# Assign NGS player to FairMOT track

In [None]:
# # Developer

# %cd /kaggle
# from IPython.display import clear_output
# pat = input('GitHub Personal Access Token:')
# clear_output()
# ! git clone https://$pat@github.com/qAp/nfl_helmet_assignment_kaggle.git

# # %cd /kaggle/nfl_helmet_assignment_kaggle/
# # ! git pull

In [5]:
# User

! cp -r /kaggle/input/nfl-helmet-assignment-kaggle/nfl_helmet_assignment_kaggle /kaggle/.

In [31]:
import os, sys
from tqdm.auto import tqdm
import random
import numpy as np
import pandas as pd
import cv2
import matplotlib
import matplotlib.pyplot as plt
from IPython.display import Video, display

sys.path.append('/kaggle/nfl_helmet_assignment_kaggle/')
from helmet_tracker.utils.features import add_track_features
from helmet_tracker.models.helmet_mapping import find_nearest

In [7]:
BASE_DIR = '/kaggle/input/nfl-health-and-safety-helmet-assignment'

labels = pd.read_csv(f'{BASE_DIR}/train_labels.csv')

In [8]:
# debug-train videos
dir_video = '/kaggle/input/nfl-health-and-safety-helmet-assignment/train'
pth_ss_hmap = '/kaggle/input/nfl-mydata/submission_helmtrack_debug.csv'
dir_demo = '/kaggle/input/nfldata05-fairmot-demo-trainsample/demo_debug'

# # test videos
# video_dir = '/kaggle/input/nfl-health-and-safety-helmet-assignment/test'
# submission_df = pd.read_csv('/kaggle/input/nfl-mydata/submission_helmtrack.csv')
# dir_demo = None

In [9]:
! ls {dir_demo}

57700_001264_Endzone   57783_003374_Endzone   57997_003691_Endzone
57700_001264_Sideline  57783_003374_Sideline  57997_003691_Sideline


In [10]:
video = '57783_003374_Sideline'

# Load MOT tracks

In [11]:
# Load FairMOT inference output txt
pth_fmot = os.path.join(dir_demo, video, 'results.txt')
columns = ['frame', 'id', 'x1', 'y1', 'w', 'h']
df_fmot = pd.read_csv(pth_fmot, header=None, usecols=range(len(columns)), 
                      names=columns)

# Find height and width of video
pth_video = os.path.join(dir_video, f'{video}.mp4')
cap = cv2.VideoCapture(pth_video)
fps    = cap.get(cv2.CAP_PROP_FPS)
width  = cap.get(cv2.CAP_PROP_FRAME_WIDTH)
height = cap.get(cv2.CAP_PROP_FRAME_HEIGHT)

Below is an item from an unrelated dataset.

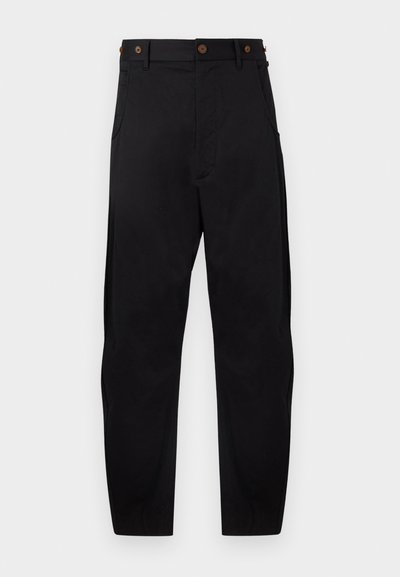 Μαύρο κωνικό παντελόνι με κούμπωμα στη μέση, πλαϊνές τσέπες και ραμμένο πτυχίο στο μπροστινό μέρος, εμφανίζεται σε λευκό απλό φόντο.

# Rescale output bboxes to match video's dimensions
fmot_video_width = 1920
fmot_video_height = 1080
x_scale = width / fmot_video_width
y_scale = height / fmot_video_height
df_fmot[['x1', 'w']] = x_scale * df_fmot[['x1', 'w']]
df_fmot[['y1', 'h']] = y_scale * df_fmot[['y1', 'h']]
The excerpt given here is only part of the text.